Here are some nearby examples of the process: San Juan County mounted a “comprehensive” P&Z effort, with a zoning map and spent years with surveys, professionals and could pass the law soon. Then there’s the Santa Fe version, a huge file but readable at http://www.santafecountynm.gov/sldc. Even Rio Arriba has one.
These counties have created documents (at great expense) to govern land use that serve as prime examples. Thousands more documents exist across the US. There is no requirement to “reinvent the wheel” for Taos. By overlooking these “tried and true” documents, Taos will engage in a long path of controversy, re-writes and stalemates.
How many differences exist for land use in northern NM counties? The real customization concerns the land use map, the proverbial zoning map… regardless of the land use code nomenclature, the permit process, or the “boilerplate” stuff. But guess what Taos County provides? Nothing in terms of the land use zoning map.
A planning pro could take Taos County draft 2013-8, the Santa Fe SLDC, the Rio Arriba LUR and the San Juan LDC and in less than a week, produce a vetted document, usable document for Taos. Then the Taos County Planning Department could focus on the zoning maps, the heart of the issue, instead of word processing, redlined drafts and arcane loopholes for special interests.
Thanks
A Commissioner Responds
Bill,
I think that the best way to prevent water transfers from Taos to the south is to implement Abeyta by allowing water transfers in those instances where the transfer does not endanger water supplies in the basin from which it is being transferred. I think that that is a better rule to proceed with than protesting all transfers from one basin to another.
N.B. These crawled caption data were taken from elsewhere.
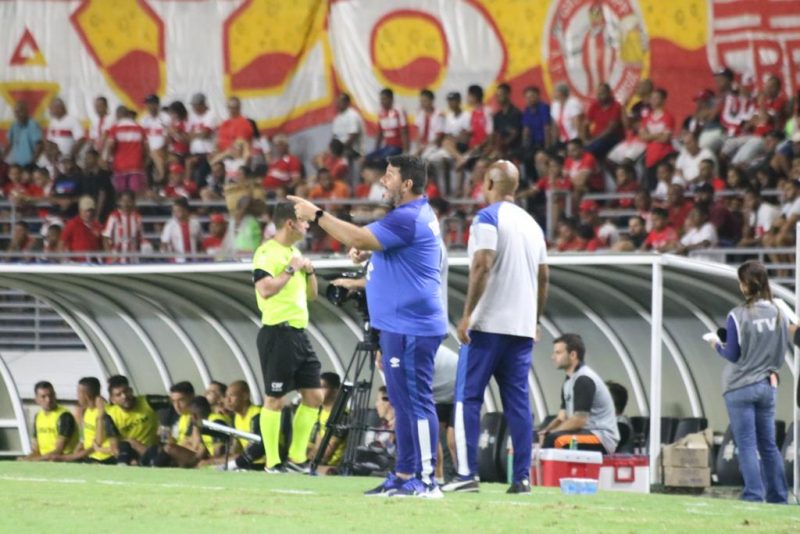 Mexidas de Eduardo Barroca tiveram efeito imediato – Foto: Rafael Xavier/Ava&iacute; F.C/ND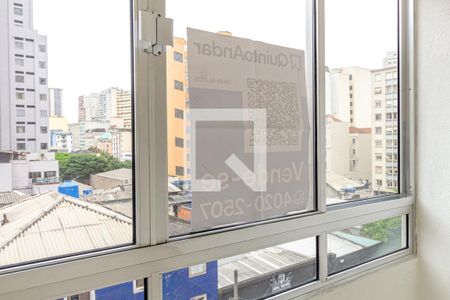 Apartamento à venda com 30m², 1 quarto e sem vagaPlaquina instalada no imóvel - janela do quarto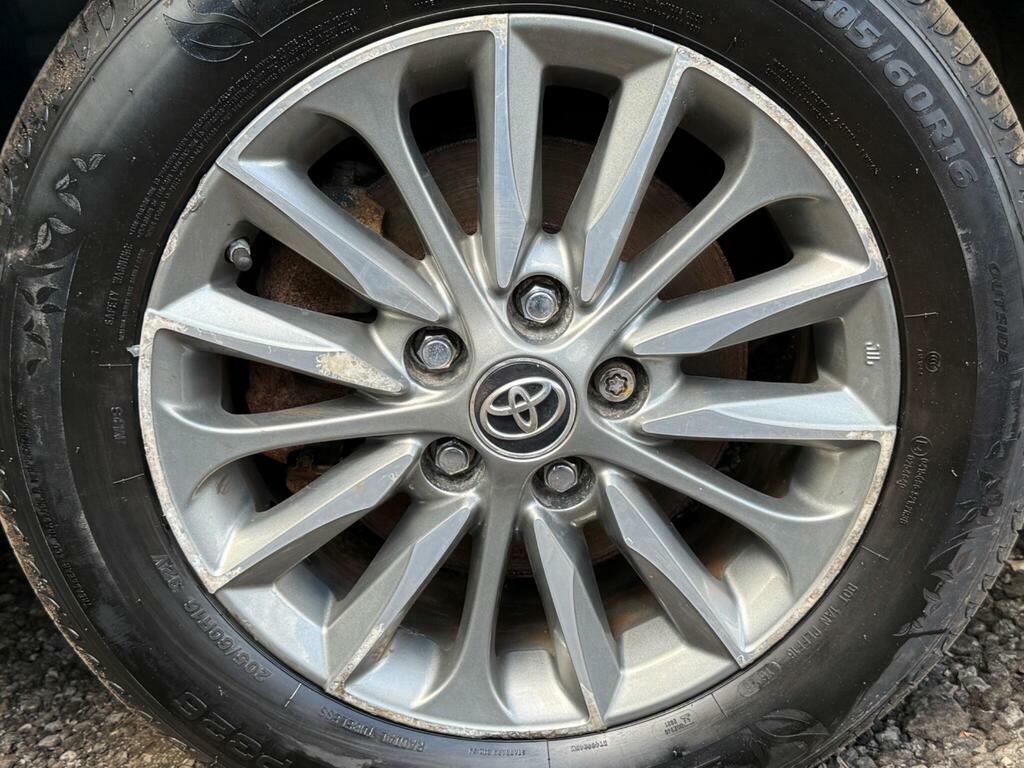 Toyota Verso Verso Icon Tss Valvematic Red #40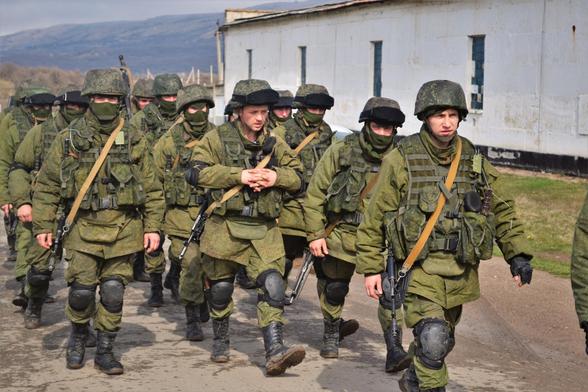 Little green men in Ukraine (i.e. russian invasion troops). Image by Anton Holoborodko (CC BY-SA 3.0).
The LUR process is moving along and will, I believe, result in passage before spring, and then the neighborhoods will bring in their zoning overlays. All of this will improve Taos land use regulations.
The only last minute subdivision change that I remember was to include a two acre minimum in all subdivisions. I put a lot of hours into adapting the recommendations of the committee to an ordinance form. Its a pretty good ordinance, and will probably be getting some more usage going forward than it has in the last 5 years since the crash.
I think that the Town is going to have to join us above the jail for dispatch. It would be a whole lot cheaper for all of us if they do so sooner than later.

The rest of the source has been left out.